Filipino actress Jaclyn Jose bagged the best actress at the Cannes film festival for her mesmerizing performance as a slum matriarch who falls prey to corrupt police.
Jaclyn Jose joins an elite club of previous Best Actress awardees including Hollywood stars Meryl Streep, Helen Mirren, Sally Field, Julianne Moore, Juliette Binoche, Kirsten Dunst, Holly Hunter, Barbara Hershey, Jill Clayburgh, Betty Davies and Susan Heyward.
Jose beat a tough list of best actress nominees Isabelle Huppert, French star of Paul Verhoeven’s revenge fantasy “Elle”; Sandra Huller, the female lead of the German comedy “Toni Erdmann”; American ingenue Elle Fanning, for the controversial supermodel cannibal film “The Neon Demon”; and Ruth Negga, the Ethiopian-Irish star of the interracial romance drama “Loving”.
A tearful Jose said she was “so surprised” as she took to the stage to accept the award for her role in Ma’ Rosa by acclaimed director Brillante Mendoza.
She said she had to forget everything she learned in her 30 years in the business for the role as a sweetshop owner and small-time drug dealer in Ma’ Rosa.
“The biggest challenge for me was not to act.

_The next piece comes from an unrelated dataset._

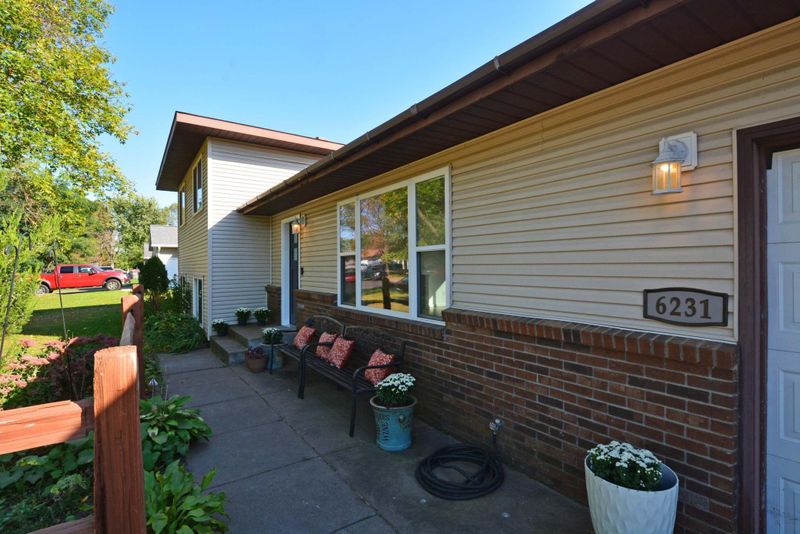 6231 Red Fox Rn, North Branch, MN 55056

Especially since I am coming from television shows where I play loud and campy characters,” she told reporters.
The 52-year-old said she had to “tone everything down to zero” – even performing without makeup on for the stark, realistic presentation of the Philippine slums favored by Mendoza.
It is a dramatic change from her regular job, playing a spoiled, rich woman in the popular Filipino TV soap opera, The Millionaire’s Wife.
Variety magazine praised Jose for the “naturalistic grace” of her film performance, playing the matriarch of a family struggling to survive amid squalor.
The daughter of a Filipina mother and a largely absent American serviceman father, Jose first became famous in Philippine showbiz circles for her ethereal beauty.
But she has proven to be a versatile and hard-working actress, starring in dramas, comedies, horror stories, romances and television soap operas.
She has won numerous acting awards in her native country and acted for some of its most prestigious filmmakers.
She appeared in Mendoza’s first movie The Masseur 11 years ago and also his dramaSerbis, which competed in Cannes in 2008.
In a quick interview aired on TV Festival de Cannes, Jaclyn spoke about her victory and how much this moment meant to her.
“I am so thankful to Brillante Mendoza,” the veteran actress said. “I did not [expect]. I just want to come here and be with my daughter and walk the red carpet.
“I was just sitting there watching the stage how nice it… is and how come in the Philippines we can’t make this, just these simple things and then they call my name. So I got surprised. I’m so happy really, really,” Jaclyn added. “ But of course I’m proud so proud of our film. We just don’t know how the people would react or will like our film but us, we know that we did our best and we know that we have a good film.”
Previous major acting prizes in A-list festivals won by Filipinos were the best actress triumphs of Nora Aunor for “The Flor Contemplacion Story” in Cairo in 1995 and Eugene Domingo for “Barber’s Tales” in Tokyo in 2013.